J’ai relu L’Affamée (Leduc 1974). L’orgasme me traversa comme une bourrasque. « Elle écrivait qu’elle était dans sa ville. » (Leduc 1974, 14) Je me suis regardée dans ces mots comme dans un miroir. J’ai plongé, haletante, dans le déferlement tempétueux de phrases livrées sans pudeur comme des cris. N’avons-nous pas toutes et tous notre Simone de Beauvoir ? Plusieurs Simone se sont succédées au cours de mon existence, me relançant, encore et encore, incendiée, sur la corde raide du désir. De toutes ces femmes qui m’ont faite funambule, je loue aujourd’hui la plus extraordinaire, Saoussan, l’étoile pyromane hissée à la cime de mon imagination.

J’ai touché mon pubis chaud, orné de poils denses. Ma vulve pulsait déjà comme un cœur.
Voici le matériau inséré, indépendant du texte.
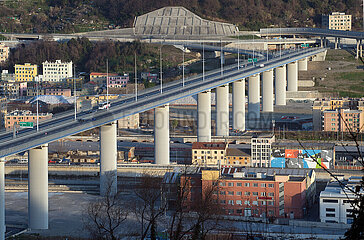 Genua  Italien - Die neue Autobahnbruecke Genova San Giorgio von Renzo Piano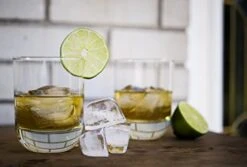 Easy Release White Ice Cube Tray, 16 Cube Trays (Pack Of 4) (4 Pack - 64 Cubes) 9 Easy Release White Ice Cube Tray, 16 Cube Trays (Pack Of 4) (4 Pack - 64 Cubes) -Peugeot Shop 418efIyLH1L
Je ne me suis pas aventurée dans la zone de la chair crue.

Ma langue cherchait dans la nuit salée, dans la nuit gluante, sur de la viande fragile. Plus je m’appliquais, plus mes efforts étaient mystérieux. J’ai hésité autour de la perle.

(Leduc 2013, 95)

Elle inventait des paysages. Elle sondait le gouffre. Elle révélait l’intervalle prodigieux du désir, l’intervalle suicidaire : « Je me suis laissée tomber au fond de l’événement. Au téléphone, entre sa voix et la mienne, entre sa bouche et la mienne, il y a la mer. » (Leduc 1974, 41)

Je ne voulais pas de la mer et des voies violentes de l’orgasme. J’errais dans la sécheresse palpitante des poils. Le désir se situait à fleur de sexe, près des grandes lèvres, ces entremetteuses acharnées prêtes à me compromettre en me précipitant dans le plaisir. Du crachin annonçait la fleur écrue de l’orage. Je n’ai pas traversé. Je suis restée sur la rive fantasque du désir. Ce qui s’offrait à mon regard était subjuguant.

Elle arrive. Elle est emmêlée à la nuit, mais elle arrive. Je crée son arrivée. Je la sortirai du ventre de la nuit. Je tends mes mains. Elles reçoivent le brouillard qui est du tulle noir.

(Leduc 1974, 57)

« Elle attendait l’éblouissement d’un visage. »[1] J’inventais des perles d’éjaculat aux parfums harassants d’urine. L’impossible arrivait sur moi, mû par le désastre d’une passion intarissable, avec cette chute de lumière liquide, échevelée.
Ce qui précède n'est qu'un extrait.